Palestinians in Hebron Tired Of Fighting, Look to FutureBy Barton Gellman
The Washington Post
HEBRON, West Bank
Wossam Abu Mazen, 16, got out of school Monday and did what he does every day after class: With long, loping strides and a stone in each fist, he raced toward an Israeli checkpoint and let fly.
The checkpoint stands at Shuhada and Salaam streets, which translates as the corner of Martyrs and Peace. It seemed an apt spot to gauge whether Jews and Arabs here have begun to turn that corner, one day after their leaders initialed a landmark pact to expand self-rule to Palestinian-inhabited areas of the West Bank.

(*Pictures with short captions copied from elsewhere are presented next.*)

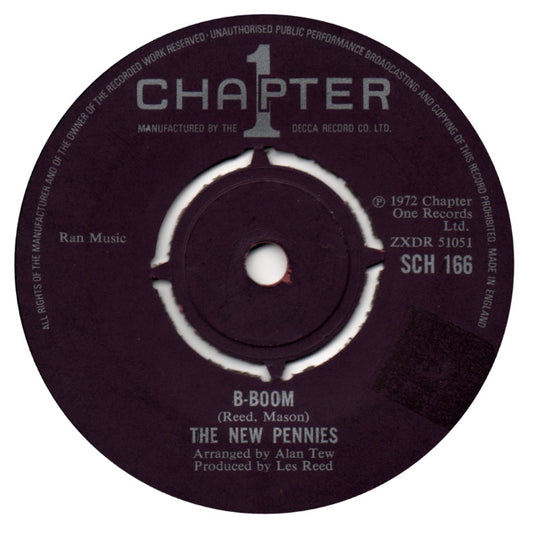 New Pennies - B-Boom Vinyl Singles Vinyl Goed / Hoes Generic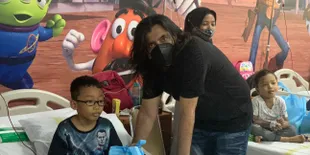 Wakili Sang Buah Hati, Adam Jagwani Sambangi Para Pasien Thalassaemia di 6 Rumah Sakit Berbeda
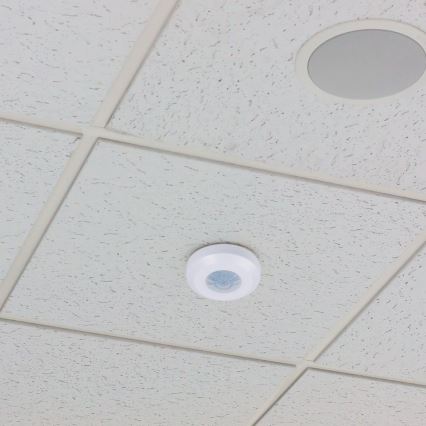 Infracrveni senzor pokreta 360° 200W/230V, beo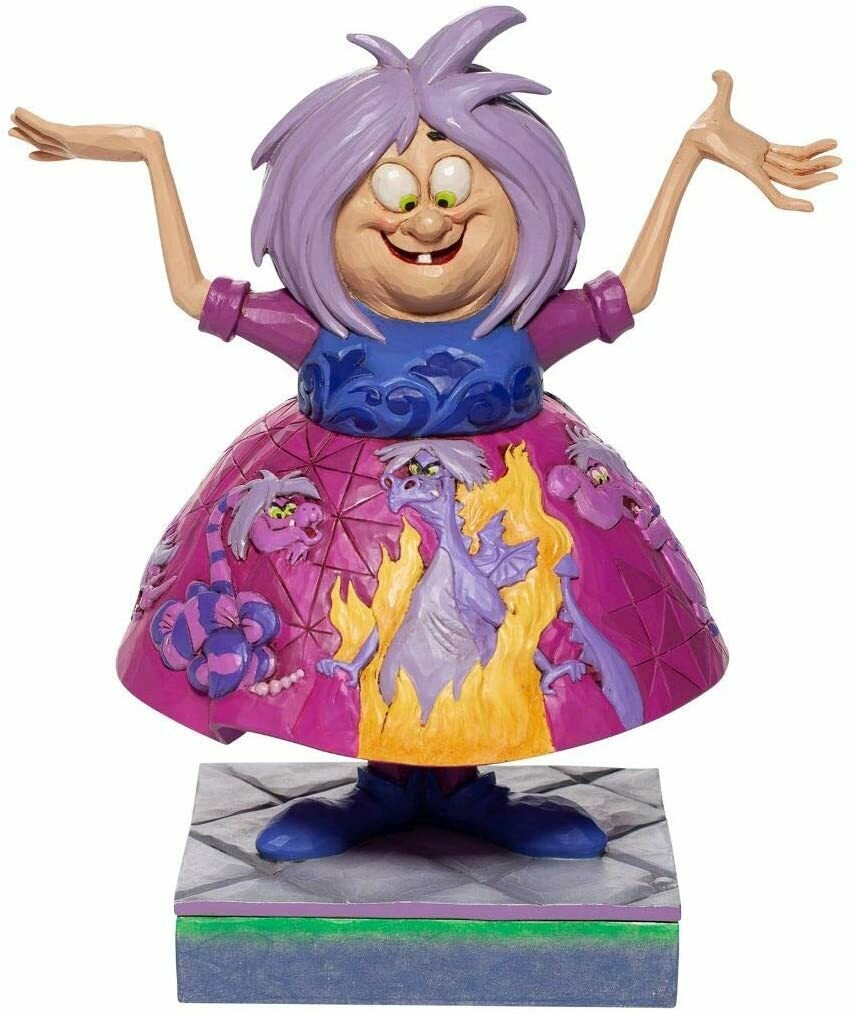 Disney Traditions by Jim Shore - Madam Mim with Scene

It was only to be expected that the results were mixed.
Israelis here could not be interviewed Monday. Hebron's Jewish settlers celebrated Rosh Hashanah, the start of Judaism's High Holy Days, and would not speak to a reporter. Soldiers are not permitted to talk, and the lieutenant in charge of the checkpoint said, "You'll just have to imagine what I think of serving here."
Nearly every Palestinian complained that Sunday's agreement will require Hebron, uniquely among West Bank cities, to remain an unwilling host to about 400 Jewish settlers downtown. That means that when Israel completes its agreed military withdrawal - by March 30 - this will be the only Arab city with some army troops still inside.
But many residents, tired of fighting, took a cue from their mayor and expressed cautious hope that the new deal at least will mean an improvement.
"Everything is going step by step in a positive direction," said Ali Tamimi, 59, whose 24-year-old nephew, Nidal, died in a clash at this very checkpoint not quite a year ago. "It is not enough for me as a Hebron man, but it is much better than nothing."
Abu Mazen and his friends in the "shebab," the teenagers in the street, saw occupiers in the accustomed place and responded in the accustomed way. Wave after wave of stones and bottles flew, and after a while the angry soldiers gave chase. They scattered a few percussion grenades and rumbled after Abu Mazen in full battle dress.
"They tried to catch me but I was too fast," he said later, after disappearing into an alley and reemerging. He cast his missiles, he said, "because I don't agree with the peace agreement. It's a bad agreement, and I think the settlers should go."
The striking thing, though, was that for every bystander egging him on there was another frowning at the continued, grinding street combat that is Hebron's daily lot.
Morad Sayed, 32, has seen how it sometimes ends: a body lying in the street, grieving parents, an angry funeral procession, vows of revenge.
"These are kids," he said. "They don't represent Palestinian opinion. After seven years of struggle against occupation, we would like to see a better situation."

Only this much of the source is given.